WHAT YOU HAVE TO DO – Repeat, exactly as written, the lines of the records below from the first through the line with "Geladeira Electrolux Cycle Defrost 260l", but none past it.

[SOURCE MATERIAL Boundary: Start]

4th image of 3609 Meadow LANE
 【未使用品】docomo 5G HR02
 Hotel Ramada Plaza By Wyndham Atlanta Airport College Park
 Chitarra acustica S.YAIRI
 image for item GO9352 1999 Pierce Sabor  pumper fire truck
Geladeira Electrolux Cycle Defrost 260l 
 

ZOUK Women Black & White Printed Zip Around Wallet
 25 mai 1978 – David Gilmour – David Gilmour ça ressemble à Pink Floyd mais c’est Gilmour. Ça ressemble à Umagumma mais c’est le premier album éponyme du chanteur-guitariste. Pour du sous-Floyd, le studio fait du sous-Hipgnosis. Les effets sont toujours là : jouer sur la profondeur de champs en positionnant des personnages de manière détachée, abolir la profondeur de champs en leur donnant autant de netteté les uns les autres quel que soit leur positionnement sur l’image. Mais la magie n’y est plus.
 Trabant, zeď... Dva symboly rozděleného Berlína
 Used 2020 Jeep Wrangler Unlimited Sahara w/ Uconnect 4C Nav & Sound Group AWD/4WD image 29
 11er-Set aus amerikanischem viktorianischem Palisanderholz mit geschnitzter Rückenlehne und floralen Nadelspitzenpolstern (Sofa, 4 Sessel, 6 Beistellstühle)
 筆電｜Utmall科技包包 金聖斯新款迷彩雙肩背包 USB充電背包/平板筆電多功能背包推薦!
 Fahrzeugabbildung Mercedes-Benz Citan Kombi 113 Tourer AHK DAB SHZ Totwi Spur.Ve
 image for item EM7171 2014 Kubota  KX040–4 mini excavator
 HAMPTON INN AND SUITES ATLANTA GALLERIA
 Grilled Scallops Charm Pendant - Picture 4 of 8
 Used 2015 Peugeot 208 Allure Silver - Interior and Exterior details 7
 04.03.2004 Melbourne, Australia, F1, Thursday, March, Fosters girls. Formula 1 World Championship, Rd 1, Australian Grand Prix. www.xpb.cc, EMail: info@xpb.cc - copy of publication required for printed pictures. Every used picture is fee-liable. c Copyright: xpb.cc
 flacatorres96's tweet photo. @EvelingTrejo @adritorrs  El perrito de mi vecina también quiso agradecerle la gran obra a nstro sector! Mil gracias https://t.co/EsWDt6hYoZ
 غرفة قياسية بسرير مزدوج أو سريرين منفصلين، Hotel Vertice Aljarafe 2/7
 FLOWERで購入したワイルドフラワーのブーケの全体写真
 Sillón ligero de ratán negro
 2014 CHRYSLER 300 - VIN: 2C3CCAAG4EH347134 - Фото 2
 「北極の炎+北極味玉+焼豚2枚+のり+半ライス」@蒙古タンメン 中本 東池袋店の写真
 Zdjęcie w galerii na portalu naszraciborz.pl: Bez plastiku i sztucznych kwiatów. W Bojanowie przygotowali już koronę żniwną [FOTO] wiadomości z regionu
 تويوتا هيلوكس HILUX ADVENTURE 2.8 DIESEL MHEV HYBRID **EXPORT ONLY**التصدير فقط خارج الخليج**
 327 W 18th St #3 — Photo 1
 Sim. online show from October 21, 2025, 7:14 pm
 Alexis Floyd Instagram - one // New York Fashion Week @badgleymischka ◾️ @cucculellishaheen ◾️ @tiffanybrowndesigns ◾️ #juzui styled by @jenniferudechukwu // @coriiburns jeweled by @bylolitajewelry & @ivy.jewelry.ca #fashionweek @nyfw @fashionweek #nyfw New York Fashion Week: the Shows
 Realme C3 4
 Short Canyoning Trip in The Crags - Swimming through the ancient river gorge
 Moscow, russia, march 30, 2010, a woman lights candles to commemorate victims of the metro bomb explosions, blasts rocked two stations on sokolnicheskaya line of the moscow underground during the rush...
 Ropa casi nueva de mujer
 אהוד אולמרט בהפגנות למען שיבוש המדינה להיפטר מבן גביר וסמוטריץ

[SOURCE MATERIAL Boundary: End]

ANSWER SECTION –
4th image of 3609 Meadow LANE
 【未使用品】docomo 5G HR02
 Hotel Ramada Plaza By Wyndham Atlanta Airport College Park
 Chitarra acustica S.YAIRI
 image for item GO9352 1999 Pierce Sabor  pumper fire truck
Geladeira Electrolux Cycle Defrost 260l 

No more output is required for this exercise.